▶ _Exercise directions_
Each record below is to be output with no change at all.

▶ _Working data_
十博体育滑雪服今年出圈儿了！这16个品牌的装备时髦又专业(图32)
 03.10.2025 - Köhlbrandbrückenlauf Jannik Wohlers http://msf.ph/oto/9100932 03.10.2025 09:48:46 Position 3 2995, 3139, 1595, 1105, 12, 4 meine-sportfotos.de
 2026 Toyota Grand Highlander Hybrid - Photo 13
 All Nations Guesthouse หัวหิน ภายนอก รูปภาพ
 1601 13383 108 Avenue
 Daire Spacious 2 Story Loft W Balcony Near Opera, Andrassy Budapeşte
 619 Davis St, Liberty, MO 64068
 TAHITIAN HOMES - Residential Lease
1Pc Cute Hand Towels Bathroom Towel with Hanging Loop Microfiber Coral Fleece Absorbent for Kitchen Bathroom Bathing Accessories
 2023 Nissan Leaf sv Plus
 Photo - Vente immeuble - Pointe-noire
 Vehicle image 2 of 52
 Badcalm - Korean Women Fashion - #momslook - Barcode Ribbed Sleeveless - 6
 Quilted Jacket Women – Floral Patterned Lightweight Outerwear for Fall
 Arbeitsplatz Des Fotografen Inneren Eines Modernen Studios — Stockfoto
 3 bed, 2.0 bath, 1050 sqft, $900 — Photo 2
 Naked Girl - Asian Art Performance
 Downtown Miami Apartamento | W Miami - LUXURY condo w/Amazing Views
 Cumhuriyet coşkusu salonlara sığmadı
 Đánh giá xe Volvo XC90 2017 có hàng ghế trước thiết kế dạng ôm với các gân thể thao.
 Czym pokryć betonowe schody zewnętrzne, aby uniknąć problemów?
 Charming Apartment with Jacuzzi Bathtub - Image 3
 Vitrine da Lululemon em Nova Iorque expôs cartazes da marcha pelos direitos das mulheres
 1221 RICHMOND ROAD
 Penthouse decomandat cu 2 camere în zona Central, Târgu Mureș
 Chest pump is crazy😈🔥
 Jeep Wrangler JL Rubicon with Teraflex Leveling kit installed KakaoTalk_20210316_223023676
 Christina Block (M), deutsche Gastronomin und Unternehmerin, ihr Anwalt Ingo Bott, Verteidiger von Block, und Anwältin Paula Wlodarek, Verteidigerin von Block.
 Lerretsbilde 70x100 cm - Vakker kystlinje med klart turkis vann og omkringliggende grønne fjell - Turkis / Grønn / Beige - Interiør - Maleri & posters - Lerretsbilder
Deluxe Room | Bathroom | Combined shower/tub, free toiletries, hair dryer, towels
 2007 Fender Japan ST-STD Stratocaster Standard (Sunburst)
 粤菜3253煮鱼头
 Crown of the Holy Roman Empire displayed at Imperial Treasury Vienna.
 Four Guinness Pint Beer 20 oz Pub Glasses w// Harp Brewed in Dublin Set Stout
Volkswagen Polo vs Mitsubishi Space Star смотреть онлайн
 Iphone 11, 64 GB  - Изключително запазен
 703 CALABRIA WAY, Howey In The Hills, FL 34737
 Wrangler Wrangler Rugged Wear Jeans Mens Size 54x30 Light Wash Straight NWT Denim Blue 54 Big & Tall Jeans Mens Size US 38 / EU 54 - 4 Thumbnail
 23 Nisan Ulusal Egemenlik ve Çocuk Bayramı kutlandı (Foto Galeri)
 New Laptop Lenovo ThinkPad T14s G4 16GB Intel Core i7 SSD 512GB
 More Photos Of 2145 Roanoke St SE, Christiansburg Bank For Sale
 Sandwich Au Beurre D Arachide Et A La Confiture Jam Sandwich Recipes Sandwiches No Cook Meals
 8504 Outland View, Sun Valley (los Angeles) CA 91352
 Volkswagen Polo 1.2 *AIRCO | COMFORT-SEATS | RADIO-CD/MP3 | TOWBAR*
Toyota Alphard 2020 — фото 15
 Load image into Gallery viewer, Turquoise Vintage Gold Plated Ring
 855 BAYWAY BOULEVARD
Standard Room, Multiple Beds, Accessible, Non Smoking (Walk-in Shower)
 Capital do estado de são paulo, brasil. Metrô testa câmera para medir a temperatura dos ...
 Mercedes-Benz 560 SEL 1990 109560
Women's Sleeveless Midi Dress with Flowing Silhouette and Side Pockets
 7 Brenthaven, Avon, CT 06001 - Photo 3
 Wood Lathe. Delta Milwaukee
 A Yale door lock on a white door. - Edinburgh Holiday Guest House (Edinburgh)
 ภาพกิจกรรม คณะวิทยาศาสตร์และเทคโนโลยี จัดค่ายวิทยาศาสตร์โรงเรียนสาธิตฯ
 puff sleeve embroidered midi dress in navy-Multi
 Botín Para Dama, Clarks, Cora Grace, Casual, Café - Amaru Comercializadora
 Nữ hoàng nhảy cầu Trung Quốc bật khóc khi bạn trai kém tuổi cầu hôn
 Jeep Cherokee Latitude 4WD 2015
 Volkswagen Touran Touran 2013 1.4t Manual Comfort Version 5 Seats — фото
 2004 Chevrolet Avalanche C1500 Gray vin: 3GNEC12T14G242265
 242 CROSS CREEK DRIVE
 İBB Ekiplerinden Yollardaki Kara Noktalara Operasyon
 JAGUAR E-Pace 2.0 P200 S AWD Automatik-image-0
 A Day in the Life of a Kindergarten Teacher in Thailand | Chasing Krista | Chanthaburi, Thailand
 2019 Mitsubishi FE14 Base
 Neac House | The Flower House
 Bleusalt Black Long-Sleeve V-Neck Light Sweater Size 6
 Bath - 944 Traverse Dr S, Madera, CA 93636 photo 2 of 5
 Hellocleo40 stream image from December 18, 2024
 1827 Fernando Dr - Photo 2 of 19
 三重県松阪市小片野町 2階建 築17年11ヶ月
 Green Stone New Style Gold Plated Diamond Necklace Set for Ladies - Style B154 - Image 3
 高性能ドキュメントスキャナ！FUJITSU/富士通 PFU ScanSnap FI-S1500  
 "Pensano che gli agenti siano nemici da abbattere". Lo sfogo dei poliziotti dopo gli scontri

▶ _Your response_
十博体育滑雪服今年出圈儿了！这16个品牌的装备时髦又专业(图32)
 03.10.2025 - Köhlbrandbrückenlauf Jannik Wohlers http://msf.ph/oto/9100932 03.10.2025 09:48:46 Position 3 2995, 3139, 1595, 1105, 12, 4 meine-sportfotos.de
 2026 Toyota Grand Highlander Hybrid - Photo 13
 All Nations Guesthouse หัวหิน ภายนอก รูปภาพ
 1601 13383 108 Avenue
 Daire Spacious 2 Story Loft W Balcony Near Opera, Andrassy Budapeşte
 619 Davis St, Liberty, MO 64068
 TAHITIAN HOMES - Residential Lease
1Pc Cute Hand Towels Bathroom Towel with Hanging Loop Microfiber Coral Fleece Absorbent for Kitchen Bathroom Bathing Accessories
 2023 Nissan Leaf sv Plus
 Photo - Vente immeuble - Pointe-noire
 Vehicle image 2 of 52
 Badcalm - Korean Women Fashion - #momslook - Barcode Ribbed Sleeveless - 6
 Quilted Jacket Women – Floral Patterned Lightweight Outerwear for Fall
 Arbeitsplatz Des Fotografen Inneren Eines Modernen Studios — Stockfoto
 3 bed, 2.0 bath, 1050 sqft, $900 — Photo 2
 Naked Girl - Asian Art Performance
 Downtown Miami Apartamento | W Miami - LUXURY condo w/Amazing Views
 Cumhuriyet coşkusu salonlara sığmadı
 Đánh giá xe Volvo XC90 2017 có hàng ghế trước thiết kế dạng ôm với các gân thể thao.
 Czym pokryć betonowe schody zewnętrzne, aby uniknąć problemów?
 Charming Apartment with Jacuzzi Bathtub - Image 3
 Vitrine da Lululemon em Nova Iorque expôs cartazes da marcha pelos direitos das mulheres
 1221 RICHMOND ROAD
 Penthouse decomandat cu 2 camere în zona Central, Târgu Mureș
 Chest pump is crazy😈🔥
 Jeep Wrangler JL Rubicon with Teraflex Leveling kit installed KakaoTalk_20210316_223023676
 Christina Block (M), deutsche Gastronomin und Unternehmerin, ihr Anwalt Ingo Bott, Verteidiger von Block, und Anwältin Paula Wlodarek, Verteidigerin von Block.
 Lerretsbilde 70x100 cm - Vakker kystlinje med klart turkis vann og omkringliggende grønne fjell - Turkis / Grønn / Beige - Interiør - Maleri & posters - Lerretsbilder
Deluxe Room | Bathroom | Combined shower/tub, free toiletries, hair dryer, towels
 2007 Fender Japan ST-STD Stratocaster Standard (Sunburst)
 粤菜3253煮鱼头
 Crown of the Holy Roman Empire displayed at Imperial Treasury Vienna.
 Four Guinness Pint Beer 20 oz Pub Glasses w// Harp Brewed in Dublin Set Stout
Volkswagen Polo vs Mitsubishi Space Star смотреть онлайн
 Iphone 11, 64 GB  - Изключително запазен
 703 CALABRIA WAY, Howey In The Hills, FL 34737
 Wrangler Wrangler Rugged Wear Jeans Mens Size 54x30 Light Wash Straight NWT Denim Blue 54 Big & Tall Jeans Mens Size US 38 / EU 54 - 4 Thumbnail
 23 Nisan Ulusal Egemenlik ve Çocuk Bayramı kutlandı (Foto Galeri)
 New Laptop Lenovo ThinkPad T14s G4 16GB Intel Core i7 SSD 512GB
 More Photos Of 2145 Roanoke St SE, Christiansburg Bank For Sale
 Sandwich Au Beurre D Arachide Et A La Confiture Jam Sandwich Recipes Sandwiches No Cook Meals
 8504 Outland View, Sun Valley (los Angeles) CA 91352
 Volkswagen Polo 1.2 *AIRCO | COMFORT-SEATS | RADIO-CD/MP3 | TOWBAR*
Toyota Alphard 2020 — фото 15
 Load image into Gallery viewer, Turquoise Vintage Gold Plated Ring
 855 BAYWAY BOULEVARD
Standard Room, Multiple Beds, Accessible, Non Smoking (Walk-in Shower)
 Capital do estado de são paulo, brasil. Metrô testa câmera para medir a temperatura dos ...
 Mercedes-Benz 560 SEL 1990 109560
Women's Sleeveless Midi Dress with Flowing Silhouette and Side Pockets
 7 Brenthaven, Avon, CT 06001 - Photo 3
 Wood Lathe. Delta Milwaukee
 A Yale door lock on a white door. - Edinburgh Holiday Guest House (Edinburgh)
 ภาพกิจกรรม คณะวิทยาศาสตร์และเทคโนโลยี จัดค่ายวิทยาศาสตร์โรงเรียนสาธิตฯ
 puff sleeve embroidered midi dress in navy-Multi
 Botín Para Dama, Clarks, Cora Grace, Casual, Café - Amaru Comercializadora
 Nữ hoàng nhảy cầu Trung Quốc bật khóc khi bạn trai kém tuổi cầu hôn
 Jeep Cherokee Latitude 4WD 2015
 Volkswagen Touran Touran 2013 1.4t Manual Comfort Version 5 Seats — фото
 2004 Chevrolet Avalanche C1500 Gray vin: 3GNEC12T14G242265
 242 CROSS CREEK DRIVE
 İBB Ekiplerinden Yollardaki Kara Noktalara Operasyon
 JAGUAR E-Pace 2.0 P200 S AWD Automatik-image-0
 A Day in the Life of a Kindergarten Teacher in Thailand | Chasing Krista | Chanthaburi, Thailand
 2019 Mitsubishi FE14 Base
 Neac House | The Flower House
 Bleusalt Black Long-Sleeve V-Neck Light Sweater Size 6
 Bath - 944 Traverse Dr S, Madera, CA 93636 photo 2 of 5
 Hellocleo40 stream image from December 18, 2024
 1827 Fernando Dr - Photo 2 of 19
 三重県松阪市小片野町 2階建 築17年11ヶ月
 Green Stone New Style Gold Plated Diamond Necklace Set for Ladies - Style B154 - Image 3
 高性能ドキュメントスキャナ！FUJITSU/富士通 PFU ScanSnap FI-S1500  
 "Pensano che gli agenti siano nemici da abbattere". Lo sfogo dei poliziotti dopo gli scontri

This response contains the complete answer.